Arsenal's Title Chase: Rice Urged to Shift to Right-Back
Arsenal are three wins from immortality, the Premier League and Champions League trophies suddenly within touching distance. Yet as the stakes rise, one of Mikel Arteta’s most influential players is being told he may have to step away from centre stage.
Declan Rice, the heartbeat of this Arsenal side, is being urged to move to right-back for the run-in.
Rice, the midfield general, told to step aside
The debate stems from that fraught, controversial 1-0 win at West Ham. When Ben White limped off with an MCL injury, Arteta shuffled Rice out to right-back in the first half. The reshuffle didn’t last. Arsenal began to lose control in midfield, and Rice was quickly restored to his natural territory in the centre of the pitch.
Now White is out for the rest of the season. Jurrien Timber’s fitness remains a concern. The calendar is brutal: two league games to try to secure a first Premier League title since 2004, then Paris Saint-Germain in a Champions League final on May 30 that could define a generation.

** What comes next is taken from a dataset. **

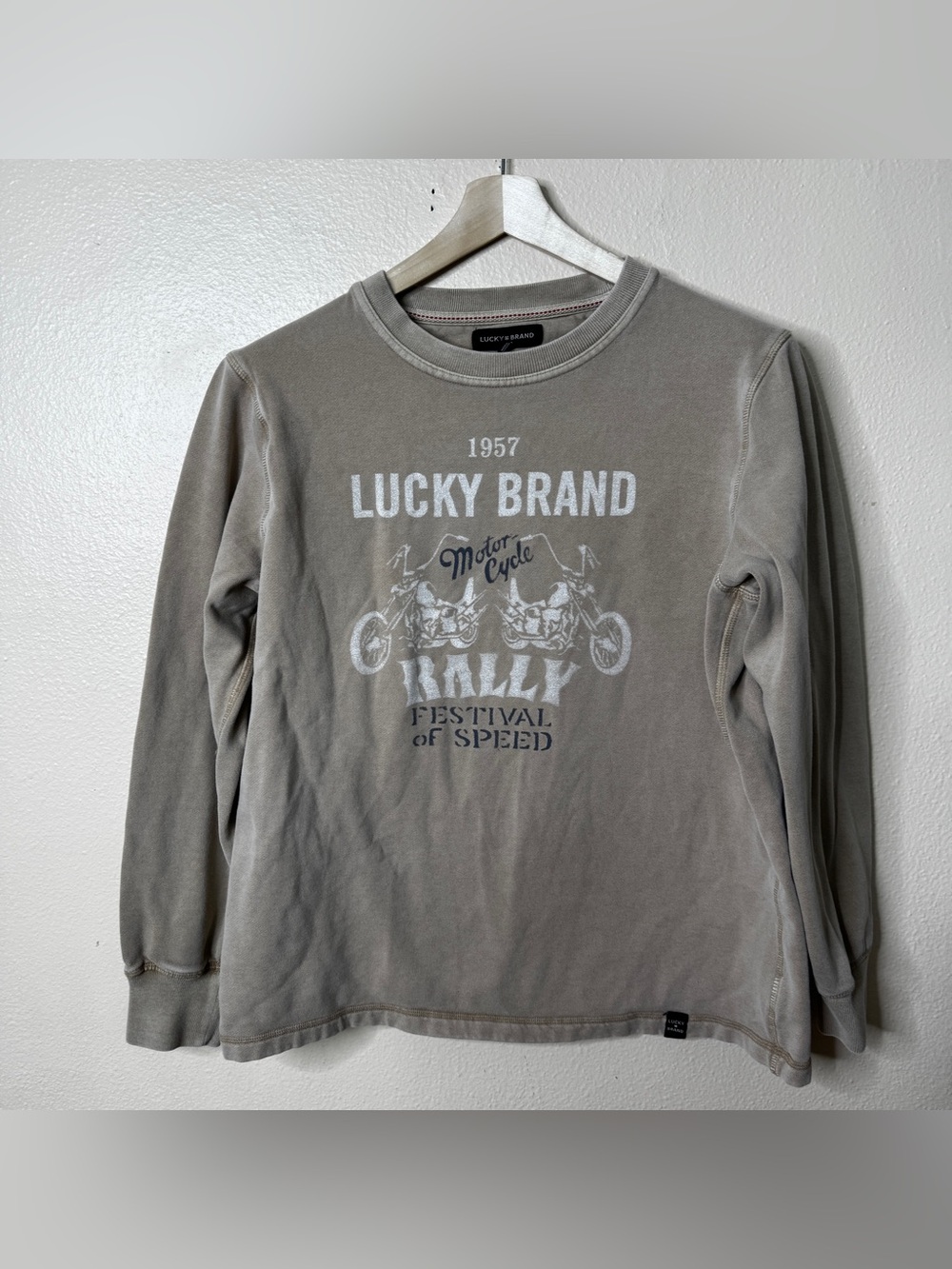 Lucky Brand Motorcycle Rally Graphic Sweatshirt Mens Medium Beige Crewneck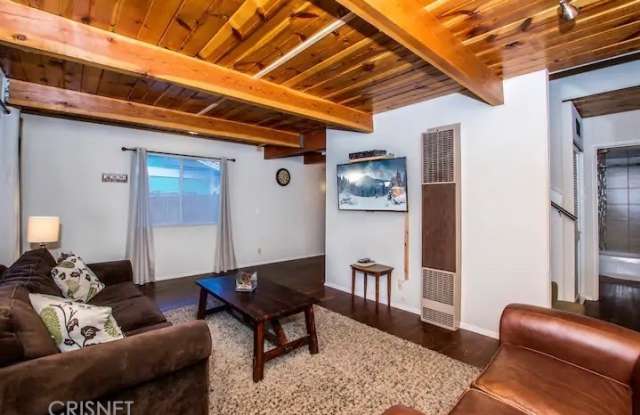 834 E Country Club Boulevard Gallery 3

At precisely this moment, Paul Scholes believes Rice should be the one to compromise.
On The Good, The Bad and The Football podcast, the Manchester United great made his case bluntly: “Declan Rice looks like he would suit playing at right-back to me. He can play there. He’s not a big creator anyway.”
It was both a tactical suggestion and a pointed critique. Rice, a £100m-plus midfielder who has driven Arsenal’s title charge with his power, composure and big-game temperament, reduced in Scholes’ eyes to a defensive workhorse who can be shifted wide without losing much in the final third.
Nicky Butt, Scholes’ co-host and another United stalwart, drew the comparison with Roy Keane’s versatility. “Roy Keane played right-back for two-thirds of a season,” Butt said. Scholes didn’t hesitate: “He played there loads and was brilliant.”
The implication is clear. If Keane could do it for the good of the team, Rice should too.
Arteta does have an alternative. Cristhian Mosquera is a more natural defender and can operate on the right. Yet with the season on a knife-edge, the temptation to trust Rice’s athleticism, recovery pace and defensive instincts in that channel will be strong.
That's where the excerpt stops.